Insight on efficiently oriented oxidation of petroleum hydrocarbons by redistribution of oxidant through inactivation of soil organic matter coupled with passivation of manganese minerals.

Abstract

While extensive works focused on the enhancement of the activity of heterogeneous Fenton catalysts, little was paid attention to the inhibition of soil organic matter (SOM) and Mn minerals in soil remediation. Here, the oxidation of petroleum hydrocarbons in soils (S1: 4.28% SOM, S2: 6.04% SOM, S3: 10.33% SOM) with inactivated SOM and passivated Mn oxides regulating by calcium superphosphate (Ca(H2PO4)2) was carried out. Oily sludge pyrolysis residue was used as precursors to prepare an oleophilic iron-supported solid catalyst (Fe-N@PR). For regulated systems, under the optimal conditions of 1.8mmol/g H2O2 and 0.05g/g Fe-N@PR, 72 ∼ 91% of total petroleum hydrocarbons (TPHs: 15,616.58mg/kg) were oxidized, which was 38 ∼ 45% higher than that of control systems.
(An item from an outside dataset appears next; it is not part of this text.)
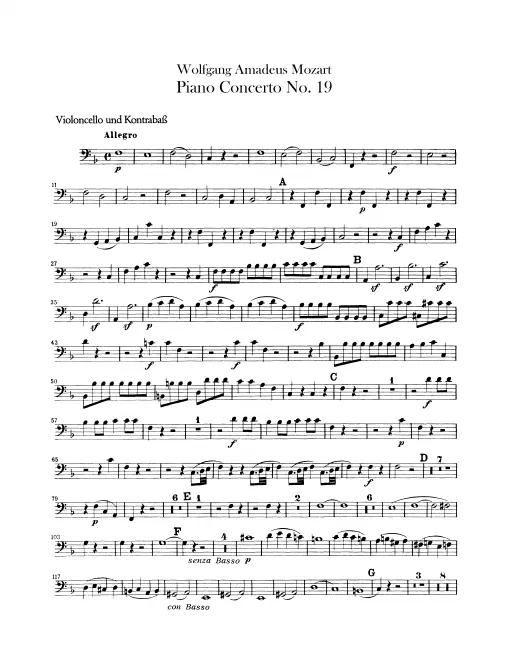 Cellos/Basses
The mechanism of efficient oxidation was proposed that the passivated Mn minerals stabilized H2O2 redistributing more H2O2 to sustainably produce •OH, and the inactivated SOM improved the relative reactivity of •OH to TPHs. Additionally, the passivation of Mn oxides was mainly related to the binding of H2PO4-, and the inactivation of SOM was realized by Ca2+ combing with -OH and C-O-C to form stable complexes. This study brought us a new perspective on soil remediation through passivating Mn minerals and inactivating SOM.